Cool Video: Did China Spark A Currency War?

I was on Bloomberg Television's What'd You Miss show yesterday with Joe Weisenthal and Alix Steel. We talked about several issues, including the claim that China has sparked (another) round in the so-called currency wars. Click here to see this Cool Video.

Last week NY Fed President Dudley acknowledged that given macroeconomic considerations, fundamentally driven market forces would probably lead to a weaker yuan. Other central banks like South Korea and the Philippines have recent and did not take any action, including interest rate cuts, that would weaken their currencies to recoup whatever competitiveness advantage China got from the depreciation of the yuan.
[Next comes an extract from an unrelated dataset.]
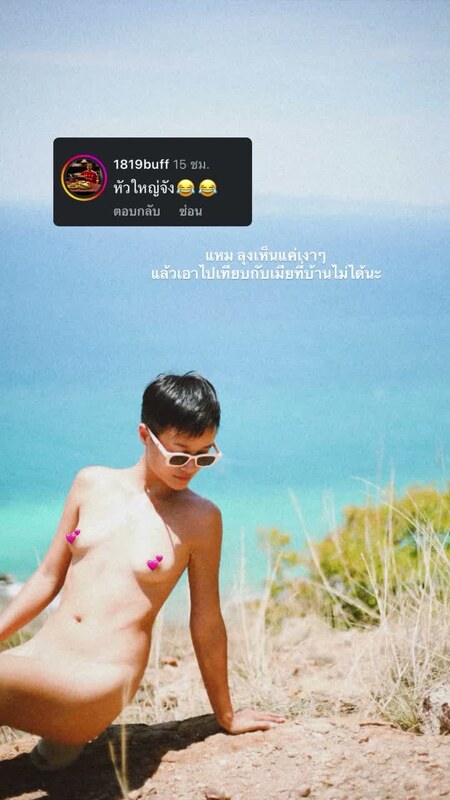 muay_blissx nude photo 11
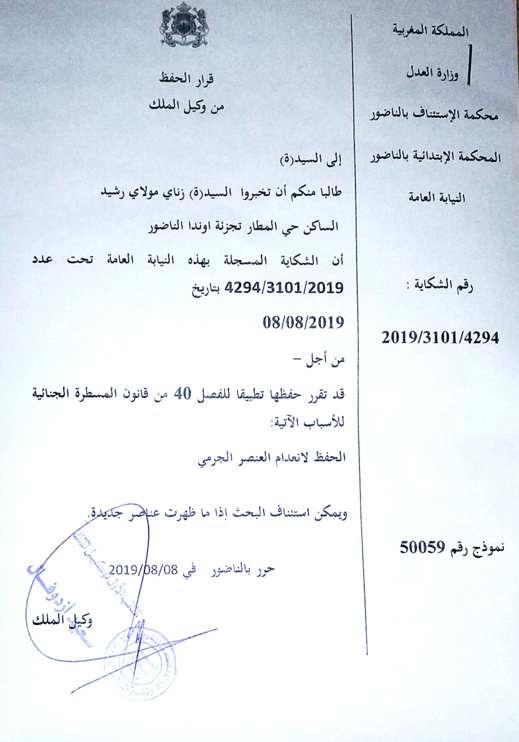 مثير.. الناشط أزناي يرفع شكاية مستعجلة ضد حوليش بسبب الانتشار المهول للأزبال بالناظور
Alix asked about Vietnam and Kazakhstan's moves in the currency markets this week. Surely their devaluations show retaliation against China. I am not so sure. This is third devaluation of the Vietnamese dong this year. I cannot speak to timing of the move, but the move itself and the direction of the currency were well in place prior to the fall in the yuan.

The same is broadly true of Kazakhstan's tenge. It was devalued by 20% in February 2014, and with the decline in oil prices, was coming under more pressure this year. The drop in oil prices, which seem only tangentially related to China. The Chinese economy has slowed, but its demand for oil (in volume terms) continues to be strong. The larger driver of the decline in oil prices is coming from supply as production in non-OPEC and OPEC countries remains highs and inventories continue to build.

In the segment, I compare that the agreement at the G7 and G20 levels on foreign exchange to a an arms control agreement. Sovereigns can produce whatever weapons they want. Various agreements set out limits. Countries can use their currencies to seek competitive advantage, but have agreed to refrain from such practices.

It is not so much driven by a moral sense of righteousness or market fundamentalism. It is simply pragmatic. Manipulating currencies is a zero sum exercise, but interest rate manipulation can be a non-zero sum game. Beggar-thy-neighbor currency depreciation takes some other country's aggregate demand. Lower interest rates can reduce the value of a country's currency, as consequence, but the more important transmission channel is through boosting aggregate demand.